There are some great machine learning tools out there that can generate stand-alone HTML reports. For example pandas-profiling for exploratory data analysis, or great expectations for data profiling.

You can export those files to docs/assets/html and simply link to them from your MkDocs navigation:

# mkdocs.yml
nav:
  - index.md
  - Some page: assets/html/page.html

If it's a small snippet of HTML, you can also use the snippets markdown extension to embed external files, see the example the mkdocs-material docs.

Wrapping up

If you need even more flexibility in inserting content, you can use the mkdocs_macros_plugin to define python functions.

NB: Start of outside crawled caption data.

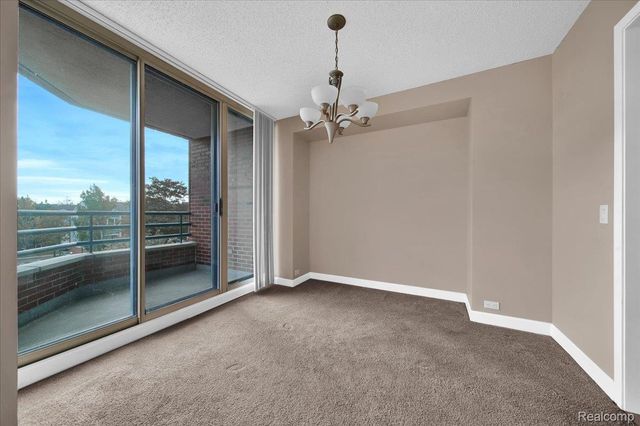 3320 Spinnaker Lane 3A, Detroit, MI 48207
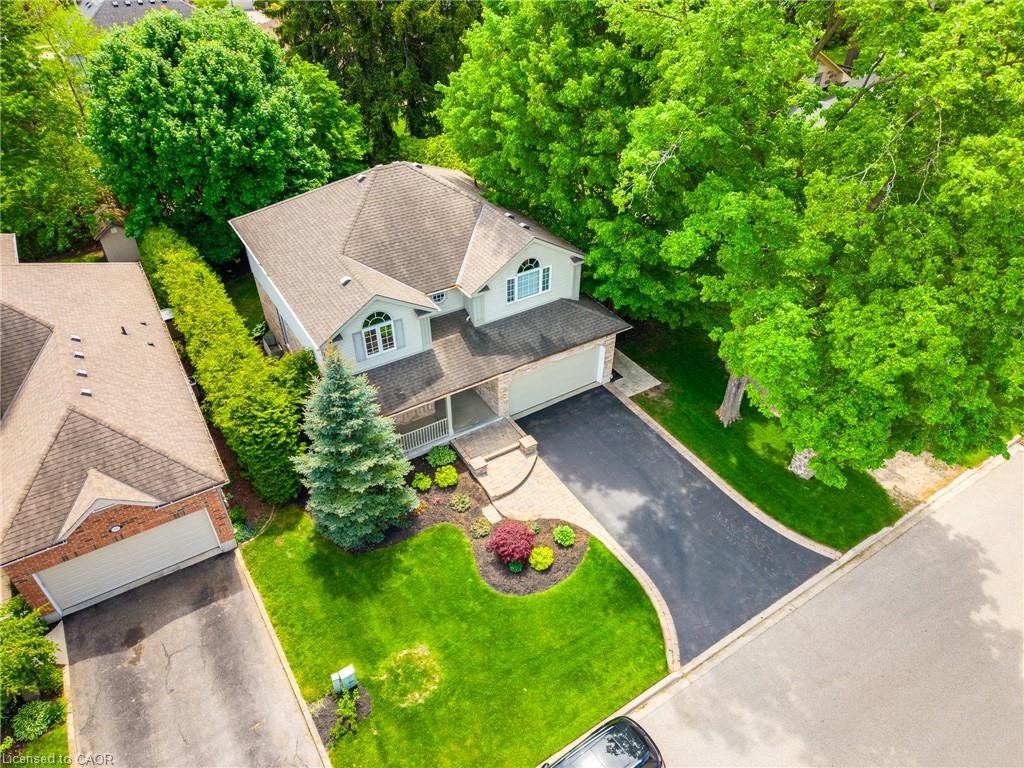 15 Carolinian Lane, Cambridge ON N1S 5B5
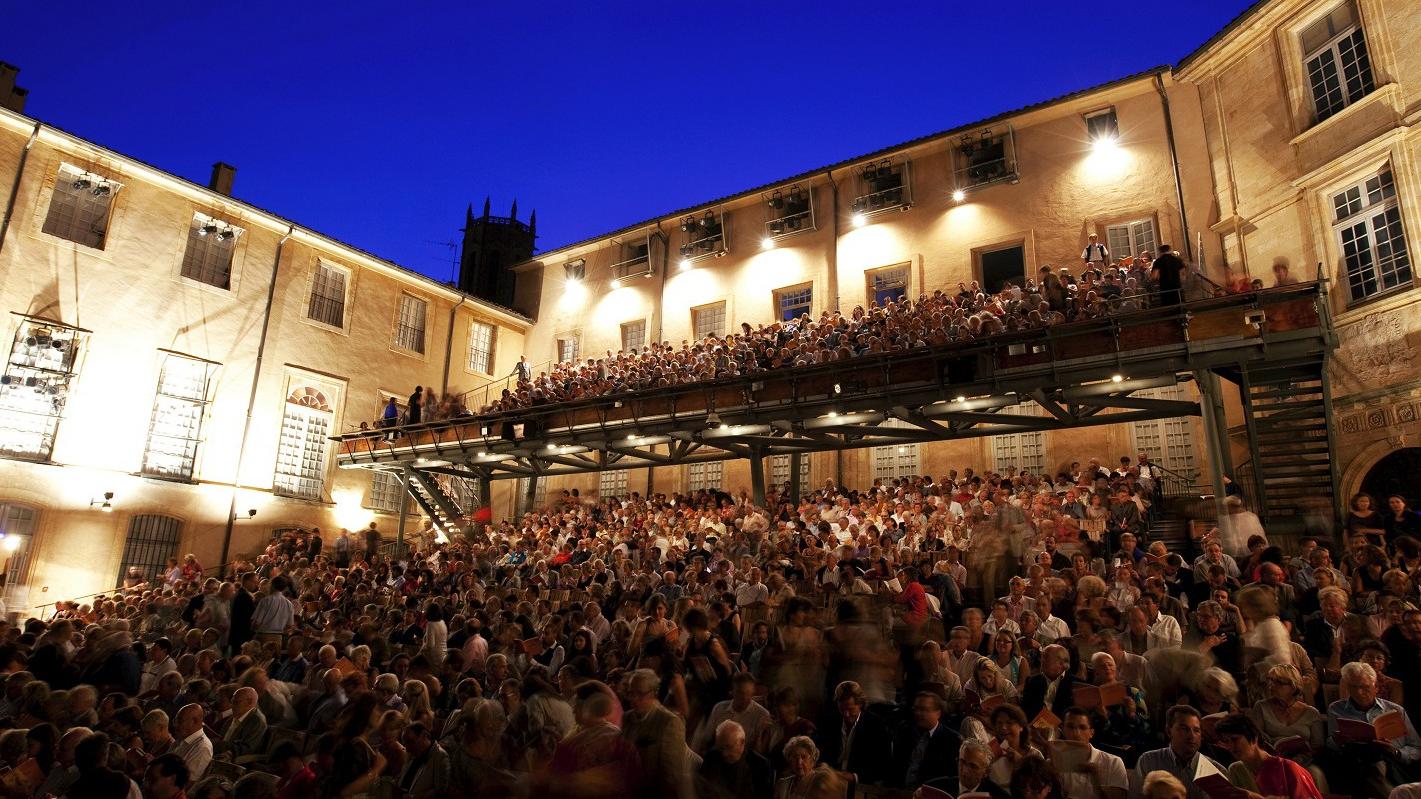 AixenProvence ouvre une saison des festivals à haut risque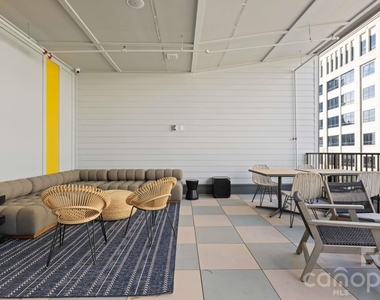 426 N Tryon Street - Photo Thumbnail 42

Using our machine learning example, you could write a python function get_model_auc() that queries MLFlow and returns a score. You can then use it anywhere in your markdown files using {% raw %}{{ get_model_auc() }}{% endraw %}.

You might also want to use mkdocs-git-authors-plugin to automatically add authors of each page by using information from git commits, or mkdocs-git-revision-date-localized-plugin to add the last edited date to each page.

With a now fully reproducible MkDocs website, you can use mkdocs-print-site-plugin export to a PDF or a standalone HTML file (that you can share over HTML).